Now we should mention that our heart broken hottie Tammi was a little reticent getting on the boat, but these boys do look rather harmless and her horny girlfriends convince her that one has to get the getting while the getting is good, and it’s off on the high seas to have that rather sinful party that we were talking about.

So the party is going on strong and with this much drugs, alcohol and scantily clad babes floating about there’s only one place this party can ultimately go, and there it

goes in one of the more explicit mainstream sexual mêlée’s we’ve seen in recent cinema history. They even find a way to make the somewhat lopsided numbers work out, just like I knew they would, until that dude we were talking about totally ruins the party. For real.

So our crew is out in the middle of some ocean, hell if I know which one, and there’s a dead hottie in our midst. Nothing too malicious, just a little involuntary manslaughter caused by the clown who should’ve never been invited to the party in the first place, but now its time for our young party hounds to start making some really, really bad decisions on top of more really, really bad decisions.

So before I actually watched this movie I called a good friend of mine and asked him what in the hell is a ‘Donkey Punch’. Now if I were to ask this gentlemen who was the first president of the United States, he’d probably pause a while before giving me the incorrect answer, but if the question has something to do with something that nobody on earth should actually be doing, he’s the one the go to. Sure enough, he told me in explicit detail, sounding almost like an Oxford educated British Statesman, exactly what a Donkey Punch consists of. What the F**K!? Who in the hell thinks of this mess? You would think a gentleman would simply be happy just to be up in some and not feel the need to punch it real hard in the back of the neck. I tell you…

But back to ‘Donkey Punch’ the movie. I’m not quite sure what to make of this little exercise in sex and violence. Director Oliver Blackburn’s movie isn’t a bad one as it is certainly a watchable movie considering how slickly produced it seems to be, how the movie rarely rests to allow wayward minds to wander and ponder about other stuff they could be doing and especially considering all of the nasty little bits that he has strewn across its running time. But something happens somewhere along the line that causes ‘Donkey Punch’ to simply lose its way.

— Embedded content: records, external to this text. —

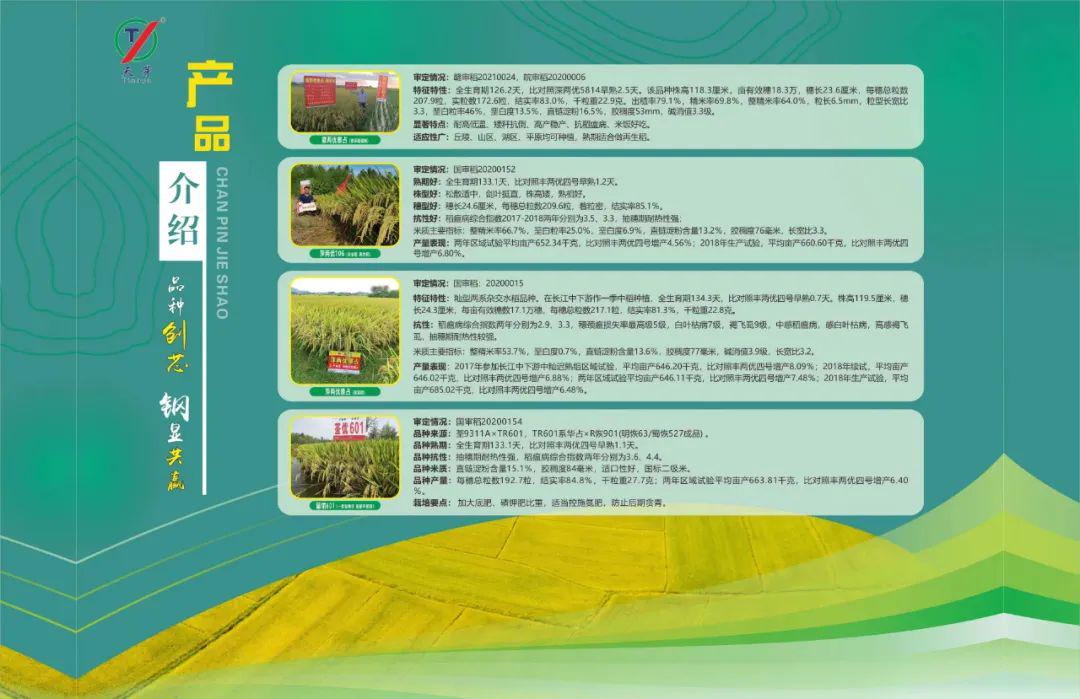 亚洲国产青青草茁壮成长，优质品种，丰收在望，田园风光美如画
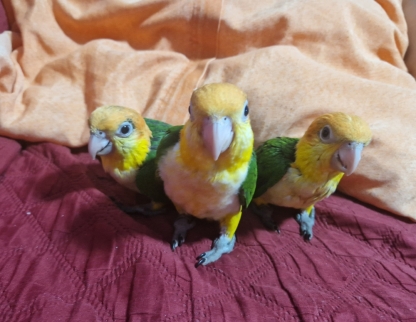 loros-caiques-cabeza-naranja-papilleros-big-1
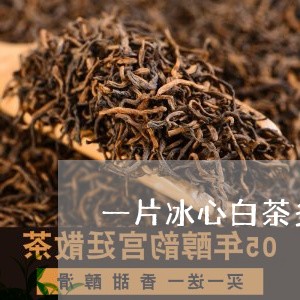 一片冰心白茶多少克/2023081206369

The lead up to the setup is great and completely believable, and the execution of the setup which leads to the thriller aspects of the film is also very good, perhaps a little out there, but like I said… I know that party screwing up sonabitch all too well. It’s when our film goes into complete thriller mode that it spirals completely out of control and lands into the realm of ‘C’mon, that wouldn’t happen’ mode. With each poor decision that our crazy kids made and the usually horrific results of these bad decisions, Blackburn and his co-writer David Bloom seemed to feel the need to up the ante so to speak to make each event even more spectacular than the last, and after a while it gets so ridiculously silly that it almost becomes funny. Which possibly could’ve been the initial design of the whole exercise for all I know. Nobody ever discusses these things with me.

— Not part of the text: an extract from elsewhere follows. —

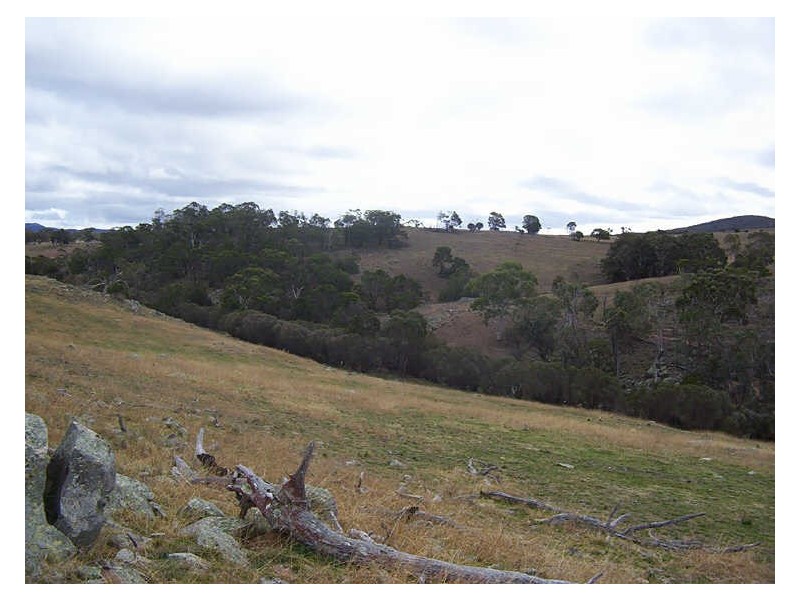 653 Boro Road, Tarago NSW 2580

However in addition to the nice job Blackburn did in directing this movie, the acting by the young pretty cast was also above average as these kids played drunk with lust and incredibly stupid just about as well as anyone could, I suppose. In a completely unrelated note, being that Jamie Winstone is actor Ray Winstone’s daughter, I’m curious how difficult it would be to watch your baby girl get buck ass naked and fake screw on the big screen for what seemed like an eternity? I would assume a father simply turns his head and tells whoever to let him know when it’s over or just take a bathroom break.

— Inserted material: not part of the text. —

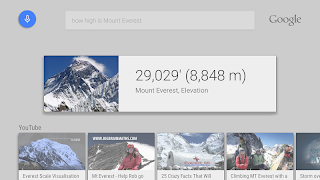 Google app for Android TV تصوير الشاشة 7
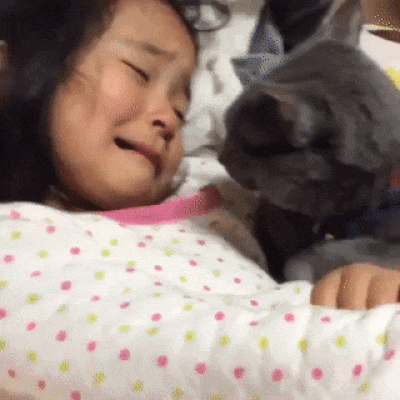 17a27ccedd96feb8515e5cc1d63e25d0 (1)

‘Donkey Punch’ is one fairly raunchy, fairly violent, completely nasty little exercise that manages to be entertaining in addition to being completely over the top in its silliness, though I wouldn’t call it the horror movie that’s it’s being advertised as. Donkey Punch. Who in the hell invented that? Was some dude getting down and thinking ‘wow, this great… but I wonder what would happen if I punched her in the back of the neck real hard’. Sheesh.